# Extang Trifecta Bed Cover pics...



## FastCrewCab (Nov 3, 2005)

Here are a few pics of the Extang Trifecta on my 2005 Crew Cab SE...

The cover near the cab...








The cover near the tailgate...








The Utili-track-specific attachment point... 








The forward attachment point...








The rear attachment point...








Washers I installed to give the bed extender knob extra clearance...


----------



## mitchell35758 (Oct 21, 2005)

That looks really good. Have you had it for a while? If so, how do you like it. I have the Extang Saber. I had my mind set on buying a soft top that lifted, but couldn't afford it at the time. I love mine, but sometimes I wished it opened up like a hard top. I play Ice Hockey and it is a pain trying to slide the huge bag back into the bed and then take it back out.


----------



## 05 NISMO 4X4 (Jun 4, 2005)

Fast,

This is just the information I was looking for, but unfortunately, I can't see the pics! All that's showing is a small pic that says image hosted by Tripod...

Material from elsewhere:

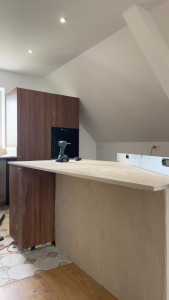 Photo de galerie - Pose cuisine et création pied d’îlot en béton cellulaire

Can you post a link to the Tripod sight where you've uploaded the pics? I'm wanting to order this week but want to see the pics first! Thanks...


----------



## FastCrewCab (Nov 3, 2005)

*Link to my Trifecta pics...*



05 NISMO 4X4 said:


> Fast,
> 
> This is just the information I was looking for, but unfortunately, I can't see the pics! All that's showing is a small pic that says image hosted by Tripod...
> 
> Can you post a link to the Tripod sight where you've uploaded the pics? I'm wanting to order this week but want to see the pics first! Thanks...


Sorry, the pics worked yesterday from my home computer. I'm not used to attaching pictures in the way this site requires.

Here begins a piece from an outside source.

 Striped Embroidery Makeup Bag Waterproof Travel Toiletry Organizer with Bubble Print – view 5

Here's a link to the pics on my mountain bike site which has not been updated in quite a long time...

http://highlandsmtb.tripod.com/truck.htm


----------



## FastCrewCab (Nov 3, 2005)

*I picked the Trifecta Tonno...*



mitchell35758 said:


> That looks really good. Have you had it for a while? If so, how do you like it. I have the Extang Saber. I had my mind set on buying a soft top that lifted, but couldn't afford it at the time. I love mine, but sometimes I wished it opened up like a hard top. I play Ice Hockey and it is a pain trying to slide the huge bag back into the bed and then take it back out.


after contacting Extang about the Full Tilt model. My neighbor has that one on a Silverado. However, it wasn't available for the new Frontiers yet (back in early Oct). I started looking at the Trifecta and realized it would be even easier and quicker to take off when I wanted to carry my bikes. Also, when it's folded it stores nicely in the garage without taking up much space. For your situation, I could see you leaving it on the bed but folding it up to carry your hockey stuff.


----------



## wensk (Oct 30, 2005)

Can you show a picture of it in a partial fold mode? Would be curious to see.

TIA


----------



## 05 NISMO 4X4 (Jun 4, 2005)

FastCrewCab said:


> Sorry, the pics worked yesterday from my home computer. I'm not used to attaching pictures in the way this site requires.
> 
> Here's a link to the pics on my mountain bike site which has not been updated in quite a long time...
> 
> http://highlandsmtb.tripod.com/truck.htm


That link worked! I think I'm going to break down and get this cover, did the special clamps/brackets come with it or were they extra? I looked on Autoanything.com and there is no mention of any special brackets. I e-mailed Extang also, but have not received a reply. Thanks again for sharing the pics! BTW, the pics appear to be working within this post again!


----------



## FastCrewCab (Nov 3, 2005)

05 NISMO 4X4 said:


> That link worked! I think I'm going to break down and get this cover, did the special clamps/brackets come with it or were they extra? I looked on Autoanything.com and there is no mention of any special brackets. I e-mailed Extang also, but have not received a reply. Thanks again for sharing the pics! BTW, the pics appear to be working within this post again!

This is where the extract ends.